(Stored items)
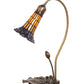 Meyda Lighting Stained Glass Pond Lily 16" Mahogany Bronze Accent Table Lamp With Amber & Purple Shade Glass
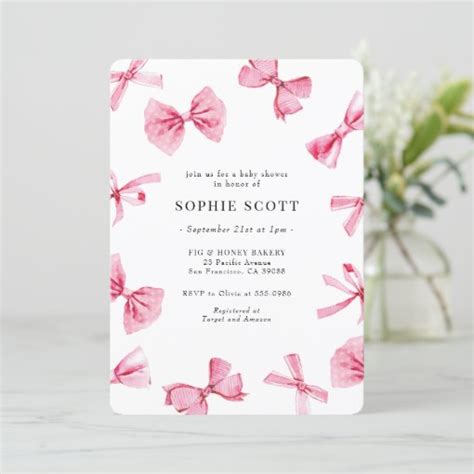 Pink Bows Baby Girl Baby Shower Invitation Zazzle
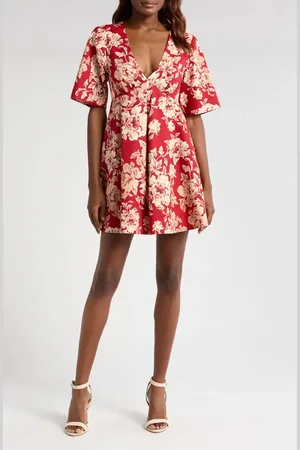 WAYF Zelma Floral Short Sleeve Minidress in at Nordstrom, Size Small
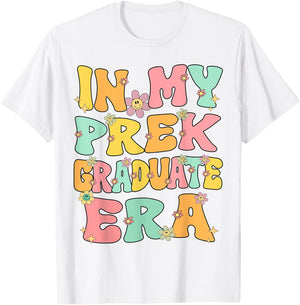 In My PreK Graduate Era Groovy Pre k Last Day Of Preschool T-Shirt - T-Shirt | White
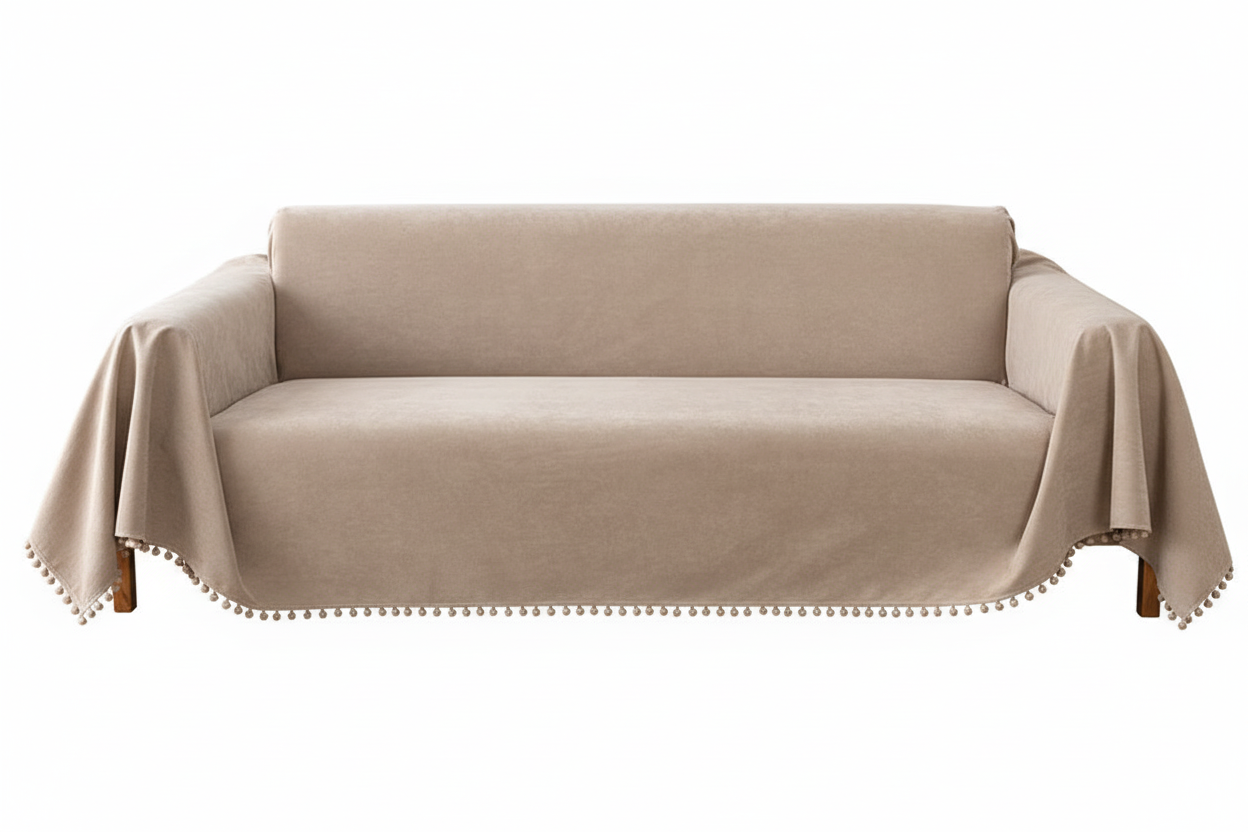 Beige Sofa Cover White Background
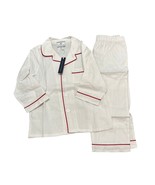 Petite Plume Kid&#39;s Twill Pajamas in White with Red Piping Size 3 new - $725.81 MXN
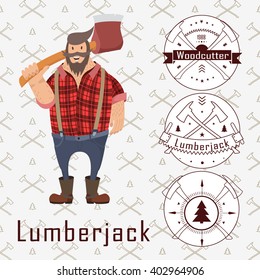 lumberjack , axe , logos , vector graphics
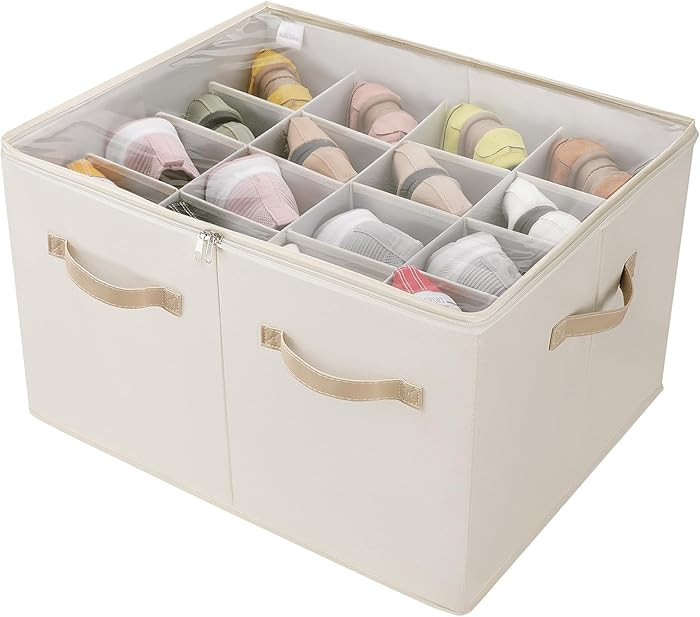 Shoe Organizer for Closet, Foldable Shoe Box with Adjustable Dividers and Clear Cover, Space Savi... | Amazon (US)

To do:
Pick up at the line containing "Petite Plume Kid&#39;s" and copy each line exactly until the data ends, including that last line; copy no pictures.

Exercise output:
 Petite Plume Kid&#39;s Twill Pajamas in White with Red Piping Size 3 new - $725.81 MXN
 lumberjack , axe , logos , vector graphics
 Shoe Organizer for Closet, Foldable Shoe Box with Adjustable Dividers and Clear Cover, Space Savi... | Amazon (US)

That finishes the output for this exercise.